SNC 2026 Mendunia


Penampilan peserta SNC mampu menyedot pengunjung berdesakan disepanjang jalan yang dilewati untuk melihat dari dekat. (Foto : ist)

Peserta Mancanegara Tembus 28 Negara

Semarangsekarang.com (Semarang),-  Semarang Night Carnival (SNC) 2026 kian mengukuhkan posisinya sebagai ajang budaya berskala internasional. Tahun ini, jumlah peserta mancanegara meningkat signifikan dengan partisipasi dari 28 negara, menjadikan SNC sebagai salah satu karnaval unggulan yang semakin diperhitungkan di tingkat global.

Tak hanya dari sisi partisipasi berbagai negara, SNC 2026 juga mencatat capaian penting dengan masuknya agenda ini ke dalam Kalender Karisma Event Nusantara (KEN) Kementerian Pariwisata. Penetapan tersebut menjadi pengakuan atas kualitas penyelenggaraan sekaligus daya tarik SNC sebagai event unggulan yang mampu mendorong sektor pariwisata dan ekonomi kreatif.

Wali Kota Semarang, Agustina Wilujeng, menyampaikan bahwa capaian ini merupakan hasil kerja bersama seluruh elemen, mulai dari pemerintah, komunitas kreatif, hingga masyarakat.

“Masuknya SNC dalam Kalender Karisma Event Nusantara dan meningkatnya partisipasi berbagai negara menjadi bukti bahwa Semarang semakin dipercaya sebagai tuan rumah event kelas dunia. Ini bukan hanya kebanggaan, tetapi juga tanggung jawab untuk terus menghadirkan penyelenggaraan yang berkualitas dan berdampak, luas,” ujarnya.

Ia menambahkan, kehadiran peserta dari 28 negara dalam SNC 2026 menjadi momentum penting untuk memperkuat diplomasi budaya sekaligus memperluas jejaring internasional Kota Semarang.

“Kami ingin SNC tidak hanya menjadi tontonan, tetapi juga ruang kolaborasi global yang menggerakkan ekonomi lokal, memberdayakan pelaku UMKM, serta meningkatkan kunjungan wisatawan ke Kota Semarang,” tambah Agustina.

SNC selama ini dikenal dengan parade kostum spektakuler yang mengangkat kearifan lokal dengan sentuhan modern.

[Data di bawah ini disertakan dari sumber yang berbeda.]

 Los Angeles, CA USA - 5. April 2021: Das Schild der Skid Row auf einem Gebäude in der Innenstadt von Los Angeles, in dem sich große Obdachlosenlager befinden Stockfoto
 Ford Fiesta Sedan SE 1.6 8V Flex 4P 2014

Dengan dukungan status sebagai bagian dari KEN, penyelenggaraan SNC 2026 diharapkan semakin berkualitas, profesional, dan berdampak langsung pada peningkatan kunjungan wisatawan.

Agustina juga optimistis bahwa peningkatan jumlah peserta internasional akan memberikan efek berganda, mulai dari okupansi hotel, pergerakan UMKM, hingga promosi kota di kancah global.

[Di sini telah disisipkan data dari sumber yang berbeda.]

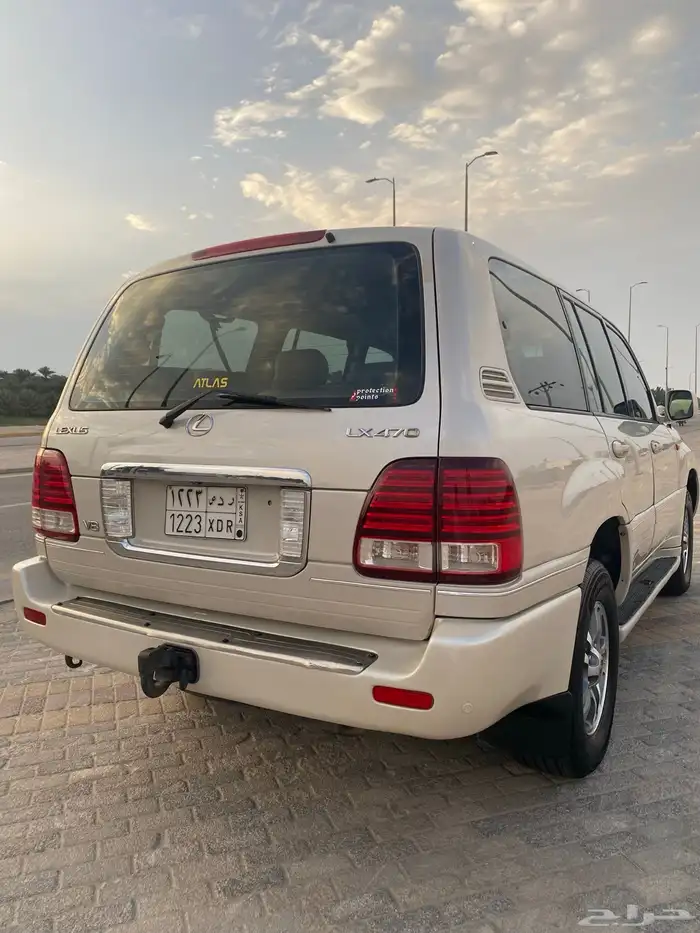 جيب لكزس Lx470 لون كريمي 2006 ممشى 400 1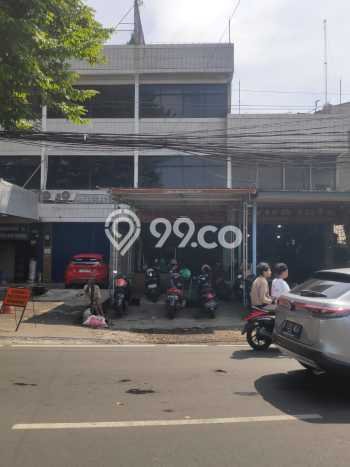 Unit Ruko Paling Strategis di Kebayoran Baru Jakarta Selatan dengan LB 75m2 Unit Ruko Paling Strategis di Kebayoran Baru Jakarta Selatan dengan LB 75m2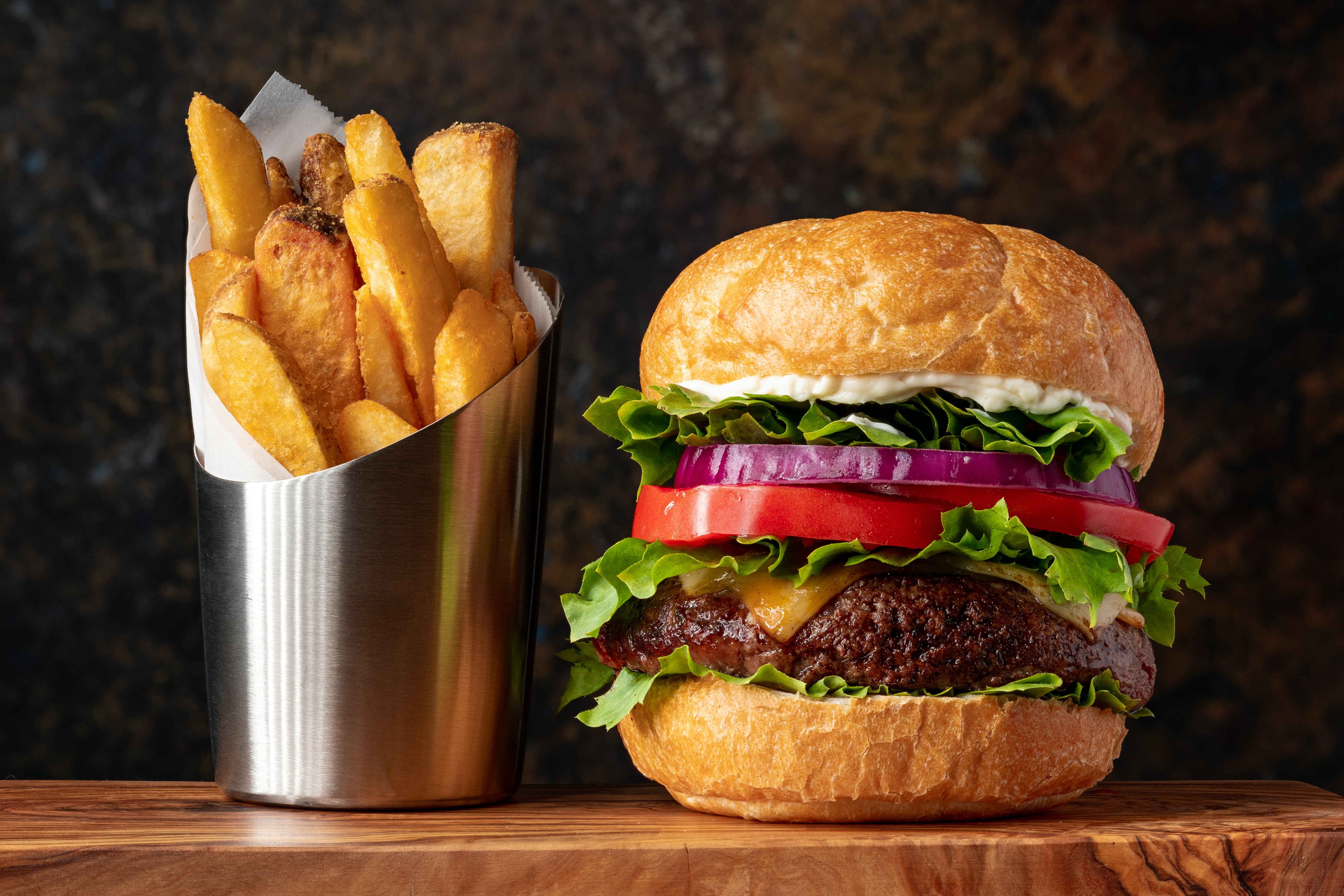 /static/media/Gallery_burger2.ae09939ecc5f504d17b3.jpg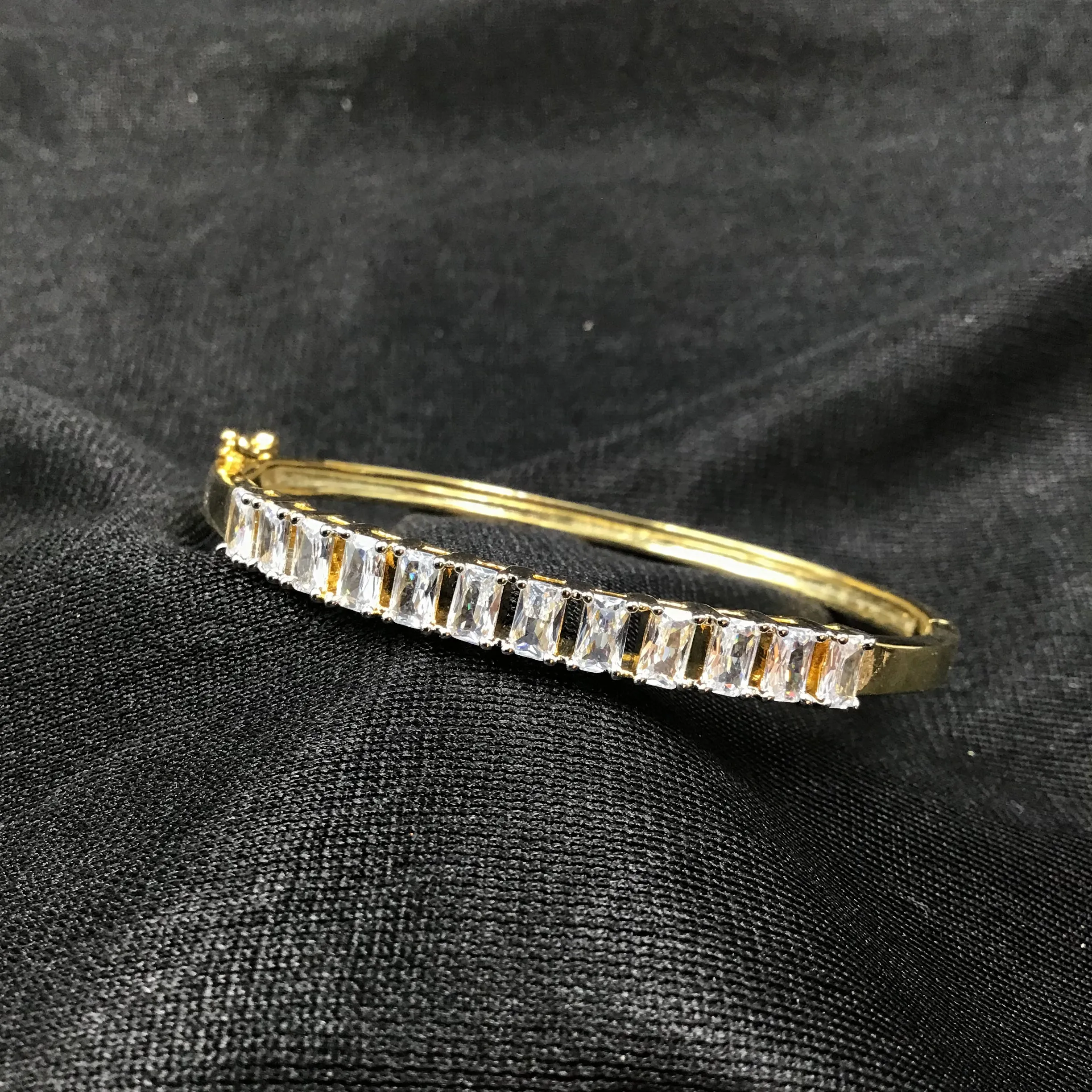 Openable Zircon/AD Bracelet 3224-11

Pawai yang mengusung tema “Miracle of Recycle” tersebut digelar pada Sabtu, 2 Mei 2026 mendatang. Acara dimulai dari Balai Kota Semarang di Jalan Pemuda pada pukul 18.30 WIB. Iring-iringan kemudian akan melintasi landmark Tugu Muda dan Jalan Pandanaran hingga mencapai garis finish di Lapangan Pancasila Simpang Lima.

“Kami mengundang seluruh masyarakat untuk datang dan menyaksikan harmoni kreativitas ini di sepanjang jalan protokol,” katanya.

Melalui SNC 2026, Semarang kembali menegaskan diri sebagai kota yang tidak hanya kaya budaya, tetapi juga mampu mengemasnya menjadi kekuatan diplomasi budaya yang membanggakan Indonesia di mata dunia. (subagyo/ss).